Smart Retry Schedule
Do not retry immediately after failure. Cards often recover within 3-7 days.
| Retry | Timing | Why This Timing |
|---|---|---|
| Initial charge | Day 0 | Normal billing cycle |
| Retry 1 | Day 3 | Most card issues resolve within 72 hours |
| Retry 2 | Day 7 | Paycheck cycle alignment |
| Retry 3 | Day 12 | Second paycheck cycle |
| Retry 4 | Day 18 | Final attempt before service action |
| Service action | Day 21 | Downgrade or cancel |
Card Updater Services
Enable automatic card updating to prevent expired card churn:
| Processor | Service | How to Enable |
|---|---|---|
| Stripe | Automatic card updates | Enabled by default on most plans |
| Braintree | Account Updater | Must enable in merchant settings |
| Paddle | Built-in | Automatic |
| Recurly | Account Updater | Configuration required |
Dunning Email Sequence
| Day | Subject Line | Body Focus | CTA |
|---|---|---|---|
| 0 | "Your [Product] payment didn't go through" | Factual, no blame. Card may be expired or funds unavailable. | [Update Payment Method] |
| 3 | "Action needed: update your payment for [Product]" | Remind what they will lose access to. | [Update Payment Method] |
| 7 | "Your [Product] account is at risk" | List features/data they have created. Mild urgency. | [Update Payment Method] |
| 14 | "Final notice: your [Product] access ends in 7 days" | Clear deadline. Offer to help if bank issue. | [Update Payment Method] + [Contact Support] |
| 21 | "Your [Product] account has been paused" | Account status change. Data is safe. Easy reactivation. | [Reactivate Account] |
Email rules:
- Every email links directly to the payment update page (not the dashboard)
- No guilt, no shame. Card failures happen.
- Subject lines are specific (include product name)
- Include the amount owed and the card last 4 digits
- Offer a support channel for customers who need help
Win-Back Campaign Framework
Win-Back Timing
| Window | Success Rate | Approach |
|---|---|---|
| Day 7 post-cancel | 5-10% | Gentle reminder, no pressure |
| Day 30 post-cancel | 3-7% | Product update + offer |
| Day 60 post-cancel | 2-5% | Strongest offer + fresh start |
| Day 90+ post-cancel | 1-3% | Major product change only |
Win-Back Email Sequence
Day 7 Email:
- Subject: "Your [Product] account is waiting for you"

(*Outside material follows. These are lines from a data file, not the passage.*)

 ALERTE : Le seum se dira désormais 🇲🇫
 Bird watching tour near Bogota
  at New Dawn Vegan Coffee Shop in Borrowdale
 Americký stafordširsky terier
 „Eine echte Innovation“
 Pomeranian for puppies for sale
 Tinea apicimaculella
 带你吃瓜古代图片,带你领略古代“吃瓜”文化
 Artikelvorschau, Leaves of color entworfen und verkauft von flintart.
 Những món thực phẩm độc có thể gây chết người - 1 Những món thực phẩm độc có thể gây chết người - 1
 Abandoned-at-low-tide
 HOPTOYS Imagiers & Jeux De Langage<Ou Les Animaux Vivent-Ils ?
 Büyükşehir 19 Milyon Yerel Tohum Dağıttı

- Body: What they left behind (data, projects, team). One CTA: reactivate.
- No discount. Just value reminder.
Day 30 Email:
- Subject: "Here's what's new in [Product]"

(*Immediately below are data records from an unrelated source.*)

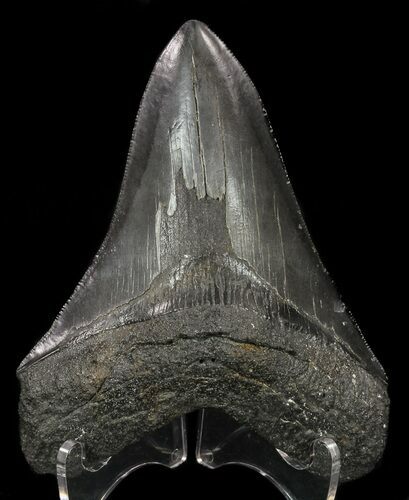 Serrated, Fossil Megalodon Tooth #57173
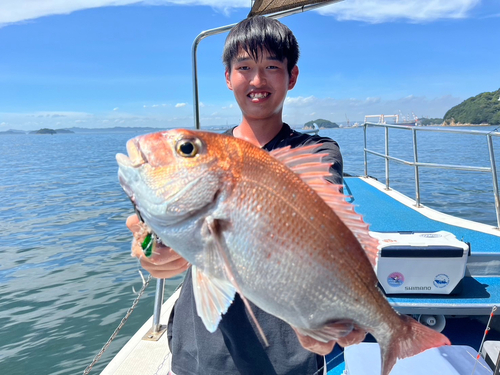 マダイの釣果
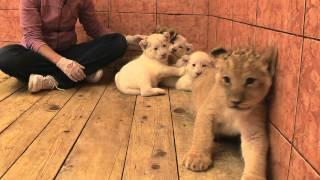 Belgrade Zoo 2011 Episode 11 Part 3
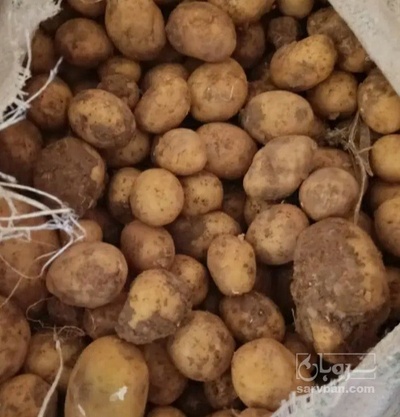 فروش سیب زمینی جلی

- Body: 2-3 specific improvements since they left. One CTA: reactivate.
- Small incentive: "Come back with 1 month free"
Day 60 Email:
- Subject: "We'd love to have you back -- [offer]"

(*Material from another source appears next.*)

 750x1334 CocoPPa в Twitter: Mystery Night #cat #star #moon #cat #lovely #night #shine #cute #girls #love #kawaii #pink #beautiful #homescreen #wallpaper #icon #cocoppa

- Body: Strongest offer (50% off 3 months or extended free period). Clear deadline.
- Final significant outreach attempt.
Churn Health Scoring
Leading Indicators of Churn
| Signal | Weight | Detection |
|---|---|---|
| Login frequency declining (week over week) | High | Usage analytics |
| Feature usage dropping | High | Feature event tracking |
| Support ticket escalation | High | Help desk data |
| NPS response < 7 | High | Survey data |
| Invoice dispute or payment question | Medium | Billing system |
| Champion left the company | High | Contact monitoring |
| Contract renewal in < 90 days | Medium | CRM data |
| Competitor evaluation detected | High | Sales intelligence |
Risk Score Calculation
Risk Score = Sum of (Signal Weight x Signal Present)
0-20: Low risk (monitor)
21-40: Moderate risk (proactive outreach)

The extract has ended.